## TASK DESCRIPTION
Below are some records. Print exactly the lines between the one holding "Imagen 5 de" and the one holding "FORD 1720867 - Маслена помпа vvparts.bg", inclusive, and nothing else.

Records from a collection
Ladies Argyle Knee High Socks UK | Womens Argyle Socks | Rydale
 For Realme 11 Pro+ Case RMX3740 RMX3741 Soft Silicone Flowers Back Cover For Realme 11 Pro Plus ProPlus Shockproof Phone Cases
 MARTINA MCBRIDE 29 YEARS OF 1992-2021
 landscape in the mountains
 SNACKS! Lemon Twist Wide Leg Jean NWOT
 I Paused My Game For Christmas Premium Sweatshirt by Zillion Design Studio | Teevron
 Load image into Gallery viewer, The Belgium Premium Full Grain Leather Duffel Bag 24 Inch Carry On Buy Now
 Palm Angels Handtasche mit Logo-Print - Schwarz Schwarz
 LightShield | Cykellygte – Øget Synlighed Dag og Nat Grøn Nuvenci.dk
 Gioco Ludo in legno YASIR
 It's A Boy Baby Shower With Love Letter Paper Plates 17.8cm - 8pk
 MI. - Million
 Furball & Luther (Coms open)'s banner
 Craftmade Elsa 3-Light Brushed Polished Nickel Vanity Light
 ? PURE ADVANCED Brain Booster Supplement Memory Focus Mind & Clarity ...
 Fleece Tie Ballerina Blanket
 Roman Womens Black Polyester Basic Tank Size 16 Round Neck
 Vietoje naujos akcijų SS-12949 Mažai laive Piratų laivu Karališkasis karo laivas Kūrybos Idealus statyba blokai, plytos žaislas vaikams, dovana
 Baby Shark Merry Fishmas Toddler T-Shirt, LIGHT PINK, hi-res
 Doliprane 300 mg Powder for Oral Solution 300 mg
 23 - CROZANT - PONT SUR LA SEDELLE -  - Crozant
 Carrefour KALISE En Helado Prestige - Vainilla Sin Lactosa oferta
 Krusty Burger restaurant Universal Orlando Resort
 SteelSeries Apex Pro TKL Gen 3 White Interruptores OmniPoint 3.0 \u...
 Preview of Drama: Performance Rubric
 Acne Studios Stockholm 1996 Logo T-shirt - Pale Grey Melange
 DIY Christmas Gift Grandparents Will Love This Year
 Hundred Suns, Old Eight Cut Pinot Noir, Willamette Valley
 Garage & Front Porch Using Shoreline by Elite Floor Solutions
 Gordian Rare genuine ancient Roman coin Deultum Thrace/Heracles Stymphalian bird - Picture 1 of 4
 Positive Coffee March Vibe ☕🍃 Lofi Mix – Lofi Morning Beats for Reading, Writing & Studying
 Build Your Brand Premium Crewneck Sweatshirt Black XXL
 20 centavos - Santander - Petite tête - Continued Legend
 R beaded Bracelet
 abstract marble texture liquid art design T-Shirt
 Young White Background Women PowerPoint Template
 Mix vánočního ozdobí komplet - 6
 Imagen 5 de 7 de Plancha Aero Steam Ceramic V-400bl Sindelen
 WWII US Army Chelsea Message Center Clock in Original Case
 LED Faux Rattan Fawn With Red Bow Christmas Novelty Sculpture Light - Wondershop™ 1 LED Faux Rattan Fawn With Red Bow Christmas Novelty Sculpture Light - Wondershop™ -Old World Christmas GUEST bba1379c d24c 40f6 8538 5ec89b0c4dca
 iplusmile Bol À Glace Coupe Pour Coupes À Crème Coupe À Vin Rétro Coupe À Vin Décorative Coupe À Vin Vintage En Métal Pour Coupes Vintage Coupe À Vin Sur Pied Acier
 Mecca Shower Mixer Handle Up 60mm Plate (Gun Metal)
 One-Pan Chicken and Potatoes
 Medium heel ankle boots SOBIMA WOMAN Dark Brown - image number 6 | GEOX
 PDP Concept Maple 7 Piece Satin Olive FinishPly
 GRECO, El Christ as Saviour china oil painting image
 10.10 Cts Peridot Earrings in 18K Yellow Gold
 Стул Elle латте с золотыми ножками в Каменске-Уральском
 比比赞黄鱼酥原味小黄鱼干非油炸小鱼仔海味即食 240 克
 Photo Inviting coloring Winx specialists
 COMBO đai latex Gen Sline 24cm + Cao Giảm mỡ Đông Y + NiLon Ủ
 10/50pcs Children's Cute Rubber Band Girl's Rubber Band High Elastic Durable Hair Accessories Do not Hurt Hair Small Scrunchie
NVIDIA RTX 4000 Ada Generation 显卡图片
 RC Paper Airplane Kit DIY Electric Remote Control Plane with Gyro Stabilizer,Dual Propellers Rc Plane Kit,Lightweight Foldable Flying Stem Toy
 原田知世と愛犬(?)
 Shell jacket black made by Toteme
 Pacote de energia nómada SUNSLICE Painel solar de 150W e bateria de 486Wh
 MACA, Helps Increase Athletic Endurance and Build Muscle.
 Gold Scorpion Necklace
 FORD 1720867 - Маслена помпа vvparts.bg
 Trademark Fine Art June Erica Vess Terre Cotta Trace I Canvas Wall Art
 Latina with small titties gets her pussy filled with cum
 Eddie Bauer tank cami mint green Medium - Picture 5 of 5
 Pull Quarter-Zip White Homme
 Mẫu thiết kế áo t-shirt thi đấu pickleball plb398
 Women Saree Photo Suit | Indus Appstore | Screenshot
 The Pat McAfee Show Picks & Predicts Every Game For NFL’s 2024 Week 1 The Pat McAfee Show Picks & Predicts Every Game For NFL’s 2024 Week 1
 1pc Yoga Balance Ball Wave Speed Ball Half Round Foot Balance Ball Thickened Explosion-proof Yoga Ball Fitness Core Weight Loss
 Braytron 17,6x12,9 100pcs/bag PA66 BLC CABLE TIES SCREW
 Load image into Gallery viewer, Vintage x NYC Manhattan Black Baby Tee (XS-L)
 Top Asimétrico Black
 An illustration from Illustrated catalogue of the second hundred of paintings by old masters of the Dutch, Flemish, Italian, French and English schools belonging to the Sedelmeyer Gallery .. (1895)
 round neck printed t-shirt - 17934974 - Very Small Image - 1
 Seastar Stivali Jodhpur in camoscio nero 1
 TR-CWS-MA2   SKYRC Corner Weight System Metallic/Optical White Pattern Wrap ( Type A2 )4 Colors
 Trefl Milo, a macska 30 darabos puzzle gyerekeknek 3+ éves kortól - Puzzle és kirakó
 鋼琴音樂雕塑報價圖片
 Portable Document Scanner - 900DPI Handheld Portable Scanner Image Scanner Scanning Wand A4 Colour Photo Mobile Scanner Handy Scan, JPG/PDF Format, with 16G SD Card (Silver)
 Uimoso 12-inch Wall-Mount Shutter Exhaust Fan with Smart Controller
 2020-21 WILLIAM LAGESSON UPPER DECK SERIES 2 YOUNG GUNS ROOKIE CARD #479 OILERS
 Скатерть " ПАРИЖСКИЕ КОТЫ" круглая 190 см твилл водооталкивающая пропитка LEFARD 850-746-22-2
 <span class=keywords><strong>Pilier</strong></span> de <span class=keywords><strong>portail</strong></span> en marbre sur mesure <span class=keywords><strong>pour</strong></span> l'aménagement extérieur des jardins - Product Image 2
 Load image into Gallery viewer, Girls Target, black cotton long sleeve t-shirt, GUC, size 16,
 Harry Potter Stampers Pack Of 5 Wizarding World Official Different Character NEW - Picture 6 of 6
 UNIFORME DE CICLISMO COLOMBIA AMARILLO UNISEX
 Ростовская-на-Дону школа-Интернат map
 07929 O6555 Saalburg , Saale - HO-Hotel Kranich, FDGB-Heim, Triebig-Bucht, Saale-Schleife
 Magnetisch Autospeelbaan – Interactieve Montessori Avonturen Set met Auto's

## COMPLETED EXERCISE
 Imagen 5 de 7 de Plancha Aero Steam Ceramic V-400bl Sindelen
 WWII US Army Chelsea Message Center Clock in Original Case
 LED Faux Rattan Fawn With Red Bow Christmas Novelty Sculpture Light - Wondershop™ 1 LED Faux Rattan Fawn With Red Bow Christmas Novelty Sculpture Light - Wondershop™ -Old World Christmas GUEST bba1379c d24c 40f6 8538 5ec89b0c4dca
 iplusmile Bol À Glace Coupe Pour Coupes À Crème Coupe À Vin Rétro Coupe À Vin Décorative Coupe À Vin Vintage En Métal Pour Coupes Vintage Coupe À Vin Sur Pied Acier
 Mecca Shower Mixer Handle Up 60mm Plate (Gun Metal)
 One-Pan Chicken and Potatoes
 Medium heel ankle boots SOBIMA WOMAN Dark Brown - image number 6 | GEOX
 PDP Concept Maple 7 Piece Satin Olive FinishPly
 GRECO, El Christ as Saviour china oil painting image
 10.10 Cts Peridot Earrings in 18K Yellow Gold
 Стул Elle латте с золотыми ножками в Каменске-Уральском
 比比赞黄鱼酥原味小黄鱼干非油炸小鱼仔海味即食 240 克
 Photo Inviting coloring Winx specialists
 COMBO đai latex Gen Sline 24cm + Cao Giảm mỡ Đông Y + NiLon Ủ
 10/50pcs Children's Cute Rubber Band Girl's Rubber Band High Elastic Durable Hair Accessories Do not Hurt Hair Small Scrunchie
NVIDIA RTX 4000 Ada Generation 显卡图片
 RC Paper Airplane Kit DIY Electric Remote Control Plane with Gyro Stabilizer,Dual Propellers Rc Plane Kit,Lightweight Foldable Flying Stem Toy
 原田知世と愛犬(?)
 Shell jacket black made by Toteme
 Pacote de energia nómada SUNSLICE Painel solar de 150W e bateria de 486Wh
 MACA, Helps Increase Athletic Endurance and Build Muscle.
 Gold Scorpion Necklace
 FORD 1720867 - Маслена помпа vvparts.bg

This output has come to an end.